Mistakes

Mistakes

I’m beginning to realize that mistakes are not only unavoidable, they’re the prime force in shaping history.

Written By

Frank J. Oteri

Frank J. Oteri is an ASCAP-award winning composer and music journalist. Among his compositions are Already Yesterday or Still Tomorrow for orchestra, the "performance oratorio" MACHUNAS, the 1/4-tone sax quartet Fair and Balanced?, and the 1/6-tone rock band suite Imagined Overtures. His compositions are represented by Black Tea Music. Oteri is the Vice President of the International Society for Contemporary Music (ISCM) and is Composer Advocate at New Music USA where he has been the Editor of its web magazine, NewMusicBox.org, since its founding in 1999.

Maybe this is the result of over-rationalizing the seemingly endless stream of typos I’ve made over the years or the occasional factual gaffe, but I’m beginning to realize that mistakes are not only unavoidable, they’re the prime force in shaping history.

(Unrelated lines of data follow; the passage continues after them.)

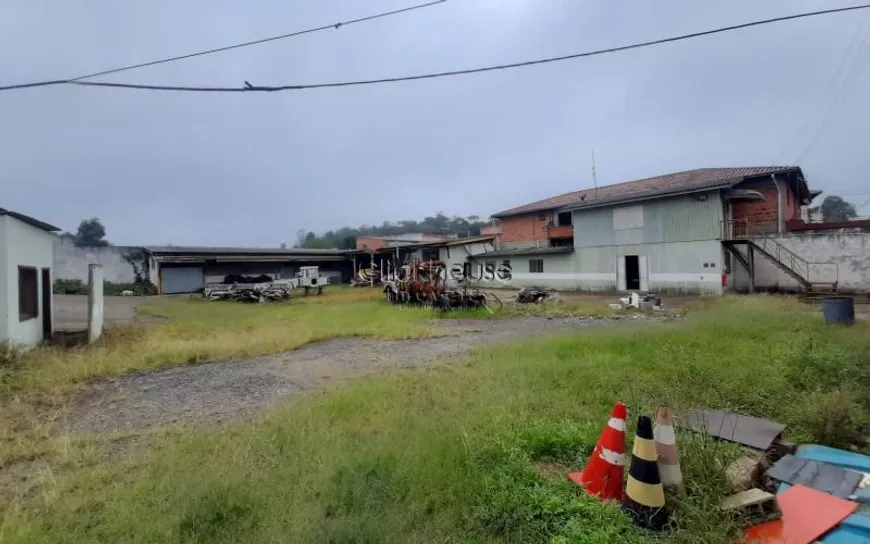 Foto 1 de Lote/Terreno à venda, 3000m² em Caucaia do Alto, Cotia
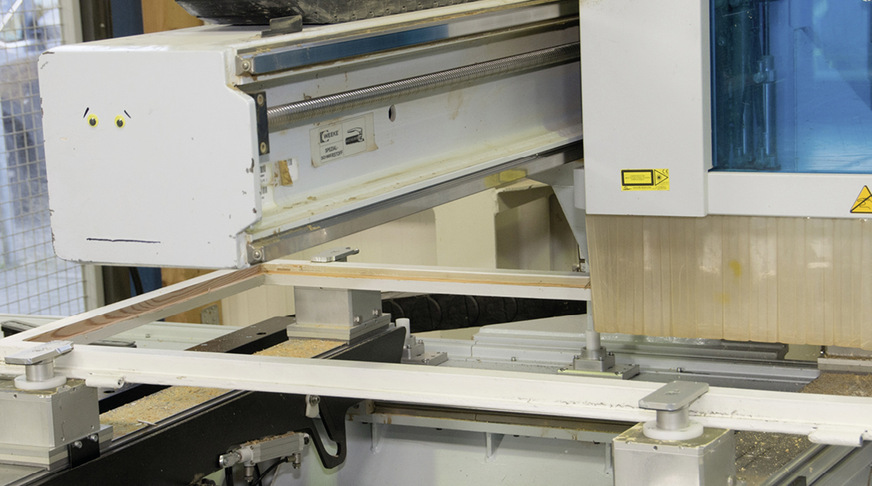 Schritt 04: … dann stellt die Fräse den perfekten Glasfalz her; nur die Ecken müssen nachgestochen werden.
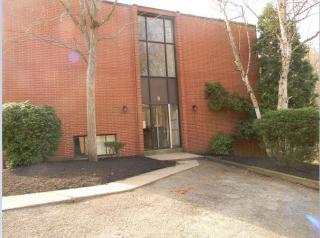1954 Amato Dr, North Versailles, PA 15137-2735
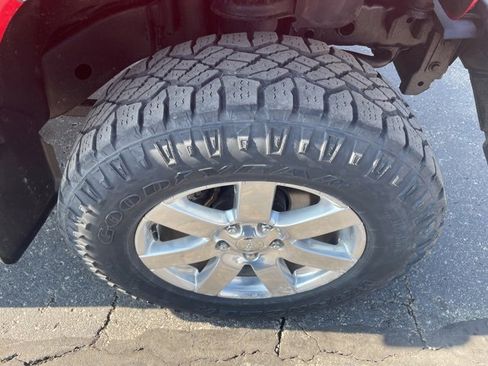 Used 2015 Jeep Wrangler Unlimited Sahara w/ Max Tow Package image 17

Mistakes are how all the languages we currently speak (including music) got the way they are and are probably the only way all of them will ever evolve beyond what we currently speak. E.g. It’s how judgement changed to judgment and is slowly changing back to judgement. It’s also how people woke up to the fact that perfect fifths in equal temperament don’t sound so bad, or, for that matter, how we got equal temperament in the first place.

Upon rare occasions, innovators have been totally honest about this. George Perle evolved a whole new branch of 12-tone tonality out of what began as his admittedly misperceiving part of Schoenberg’s theory. Frederic Rzewski’s Les Moutons des Panurge is a process piece derived from an ensemble’s mistakes and there’s a minimalist piece I’ve been dying to hear for years by a British composer named David Cunningham in which a performer’s mistakes in a repeating sequence generate the next sequence.

I’ve had episodes in my own music where performers’ mistakes have sounded better to me than what I had originally written and I’ve changed the music accordingly. And, sometimes, whether you’ve got writer’s block or listener’s block, the only way to a new path is by blindly going down the wrong one.